# Walmart Everstart Batteries 5 years of service



## basslipripper (Feb 11, 2018)

Well, one of my two Walmart Everstart 27G DeepCycle trolling motor batteries bit the dust. I bought both at the same time from Walmart in 2013. I managed to get 5 hard years of service out of them. 

Only "ONE" is bad but I will replace both so they match and share a similar duty cycle. 

Application. 

- Two in Series for 24V to power a Minn Kota Edge 65lbs Bow Mount Trolling Motor on a 2005 Bass Tracker Pro Team 190 TX. 

South Georgia North Florida Shallow lakes lots of grass and weeds. So plenty of max power dragging the boat through heavy cover. 



Charger.

I replaced the two bank battery Charger in 2013 with a 3 bank Bass Pro XPS IT 5/5/5
I'd say it has performed well. I plug the charger in after every trip and leave it plugged in until the next trip. 

Thoughts.

So bang for the buck I have much respect for the Walmart Everstart Batteries. 

Insight.

While there are only a handful of Actual battery manufacturers that produce all the many brand names. The Wal-Mart Everstart labeled black case batteries have performed well. 

Side Note.

I replaced my Walmart Everstart 24G Marine Cranking Battery last year as it was weak. I purchased it in 2011. 6 years of Service.

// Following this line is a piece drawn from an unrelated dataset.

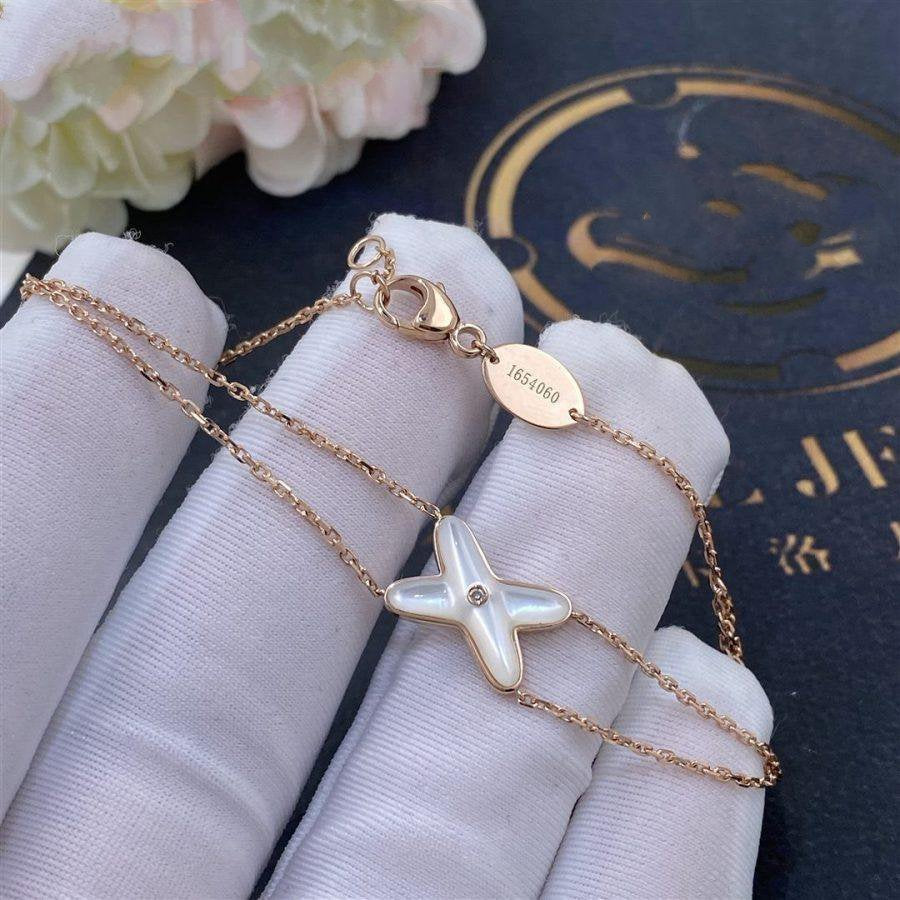 [Bling Jewelrys ]JEUX BRACELET WHITE MOP PINK GOLD 1 DIAMOND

Sent from my SM-G955U using Tapatalk


----------



## CedarRiverScooter (Feb 11, 2018)

I think East Penn is only battery manufacturer left in US (could be wrong).

If that has any value to you, they make great batteries:

https://www.eastpennmanufacturing.com/applications/marine/


----------



## hipster dufus (Feb 11, 2018)

i have gotten 7 yrs out of one of their deep cycles.


----------



## Givey1982 (Mar 5, 2018)

I just picked up one so I would have 2 on the boat. I bought it online even though it was in the store. As stated I other threads there was no core charge... Saved a few $$$$ there


----------



## Fadec (Mar 5, 2018)

Just felt like I had to add my experience. I have 2 Walmart batteries that I use for my 24 volt trolling motor. As of this month they are 5 years old and still performing flawlessly. They are always hooked to a Minn Kota 2 bank charger when not in use. Perhaps this is why they have lasted so long but for the money and the fact they have a 2 year free replacement warranty I don't think you can go wrong!


----------



## Butthead (Mar 6, 2018)

Personally, I've had poor results with the Walmart Everstarts. I had bought three of their 27DCs to use on my electric only rig back around 2009 and by the third year of use, they all started spitting acid and the run time was way down. Switched to the Kirkland branded 27DCs and haven't looked back. 5 years later and they're still working great.


----------



## lovedr79 (Mar 14, 2018)

mine lasted for 6 years. i always brought it in during the winter and kept the battery tender on it. i was impressed with how long it lasted.


----------



## Shaugh (Mar 14, 2018)

I've got one from 4/12..... still works like new.... and I'm not very good at taking care of em... I've been trying to kill it for years... it won't die...


----------